There’s more to SA’s Flinders Ranges than Wilpena Pound and one of the best ways to discover this is on foot.
Story By Andrew Bain
The most remarkable thing about South Australia’s Mount Remarkable National Park is not its eponymous mountain but the colourful gorges to its west. Sliced into the dry slopes of the southern Flinders Ranges, the ochre-red cliffs of Alligator and Hidden gorges are the backdrop to some of the state’s finest bushwalking, and vivid proof that there’s a lot more to the Flinders Ranges than the ever-popular Wilpena Pound.
From either Alligator Gorge car park or the Mambray Creek camping ground, you can walk a circuit through the two gorges, splashing through Alligator Gorge and making a simple scramble through a rock fall inside Hidden Gorge. In between, the track climbs to traverse Battery Ridge, where a couple of lookouts offer vast views across Port Pirie, Port Augusta and the Spencer Gulf coast. The complete circuit is around 40 kilometres in length and will take most walkers two or three days.

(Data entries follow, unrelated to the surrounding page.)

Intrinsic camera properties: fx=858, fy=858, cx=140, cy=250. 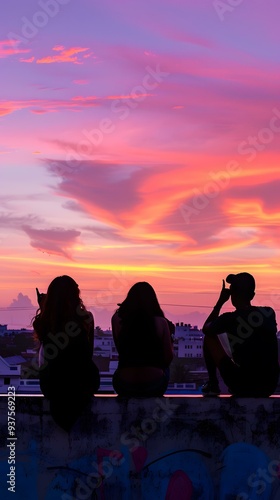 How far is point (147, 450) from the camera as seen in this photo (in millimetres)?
7266

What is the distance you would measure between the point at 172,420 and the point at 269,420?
841mm

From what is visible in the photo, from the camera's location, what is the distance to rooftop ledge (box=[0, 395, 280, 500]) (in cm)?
720

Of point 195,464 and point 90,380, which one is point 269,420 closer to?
point 195,464

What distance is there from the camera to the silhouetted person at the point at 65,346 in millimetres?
7309

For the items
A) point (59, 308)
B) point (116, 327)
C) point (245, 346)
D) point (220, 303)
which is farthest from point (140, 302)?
point (245, 346)

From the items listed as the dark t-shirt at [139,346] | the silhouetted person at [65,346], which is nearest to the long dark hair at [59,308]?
the silhouetted person at [65,346]

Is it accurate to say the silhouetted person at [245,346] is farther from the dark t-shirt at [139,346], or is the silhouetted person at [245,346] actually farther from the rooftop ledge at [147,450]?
the dark t-shirt at [139,346]

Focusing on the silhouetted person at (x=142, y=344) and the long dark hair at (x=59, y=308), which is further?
the silhouetted person at (x=142, y=344)

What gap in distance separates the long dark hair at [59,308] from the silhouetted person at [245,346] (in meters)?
1.16

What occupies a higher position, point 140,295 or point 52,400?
point 140,295

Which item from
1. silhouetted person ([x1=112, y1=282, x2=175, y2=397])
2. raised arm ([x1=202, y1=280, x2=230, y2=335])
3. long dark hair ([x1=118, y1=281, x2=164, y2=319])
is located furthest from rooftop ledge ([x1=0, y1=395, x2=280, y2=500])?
long dark hair ([x1=118, y1=281, x2=164, y2=319])

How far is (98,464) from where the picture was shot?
7.21m

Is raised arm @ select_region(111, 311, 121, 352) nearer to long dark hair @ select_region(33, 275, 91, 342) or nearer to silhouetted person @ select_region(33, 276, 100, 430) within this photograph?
silhouetted person @ select_region(33, 276, 100, 430)

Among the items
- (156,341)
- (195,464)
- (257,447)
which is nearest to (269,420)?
(257,447)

The most rewarding way to walk the circuit is to begin at the Mambray Creek camping ground (signposted from Highway One near Port Germein), hiking for around four hours along Mambray and Alligator creeks to Longhill Camp, one of 11 bush camps in the national park.
From here, you have the opportunity to explore Alligator Gorge – the area’s standout feature – in both the evening and early morning. The gorge is around a 15-minute walk from Longhill Camp. Wading through the creek you’ll come to the appropriately named Narrows, where the quartzite rock walls almost close together. A short walk further upstream, at the point where the track begins its climb onto Battery Ridge, are the Terraces, where rippled slabs of rock remains from an era when this land was beneath a shallow ocean.

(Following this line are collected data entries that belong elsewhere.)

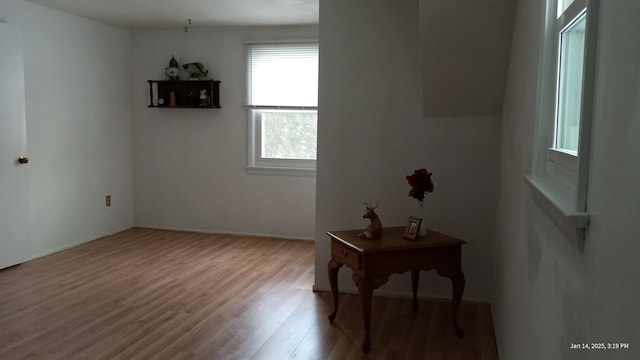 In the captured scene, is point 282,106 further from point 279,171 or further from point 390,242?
point 390,242

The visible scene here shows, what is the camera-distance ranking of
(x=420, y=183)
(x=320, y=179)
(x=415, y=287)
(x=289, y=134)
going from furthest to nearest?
1. (x=289, y=134)
2. (x=320, y=179)
3. (x=415, y=287)
4. (x=420, y=183)

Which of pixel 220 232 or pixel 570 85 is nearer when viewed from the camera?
pixel 570 85

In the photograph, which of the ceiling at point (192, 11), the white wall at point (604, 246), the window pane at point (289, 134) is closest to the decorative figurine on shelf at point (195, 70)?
the ceiling at point (192, 11)

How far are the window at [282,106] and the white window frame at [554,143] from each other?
12.4ft

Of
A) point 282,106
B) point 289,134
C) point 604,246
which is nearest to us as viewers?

Longhill Camp has no facilities but it’s situated just 300 metres from the Blue Gum Flat picnic area, which has tap water, toilets and gas barbecues. Bush camping is prohibited in the national park from November 1 to April 30, so during these months you should begin your walk at Alligator Creek car park and camp the night at Mambray Creek, which remains open throughout summer.

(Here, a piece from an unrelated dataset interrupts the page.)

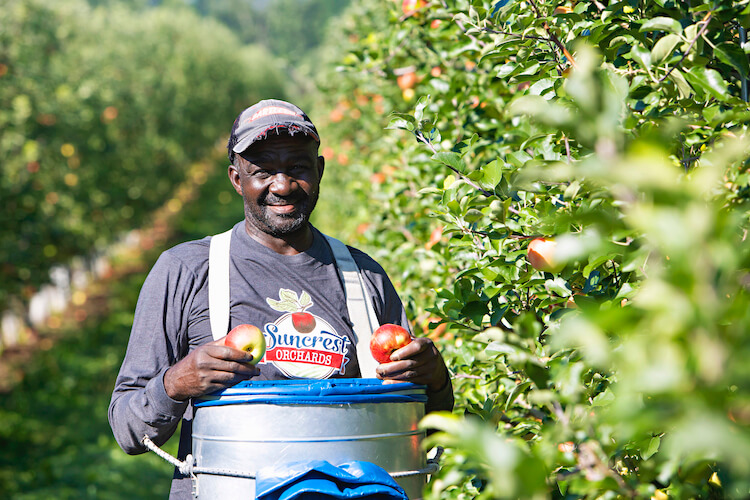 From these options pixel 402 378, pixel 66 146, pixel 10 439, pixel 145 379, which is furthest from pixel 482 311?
pixel 66 146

Walkers who prefer not to camp also have a couple of accommodation options. If walking from Mambray Creek, you can continue around three kilometres past Alligator Gorge (along the Wilmington road) to Alligator Lodge. This three-bedroom self-contained house sleeps up to eight people and has solar power, a gas stove and hot water. If walking from Alligator Gorge, there’s a solar-lit cabin, sleeping up to four people, among the river red gums in the Mambray Creek camping ground. The cabin has a gas stove, and there are hot showers in the camping ground ablution block. Bookings are essential for both the lodge and the cabin.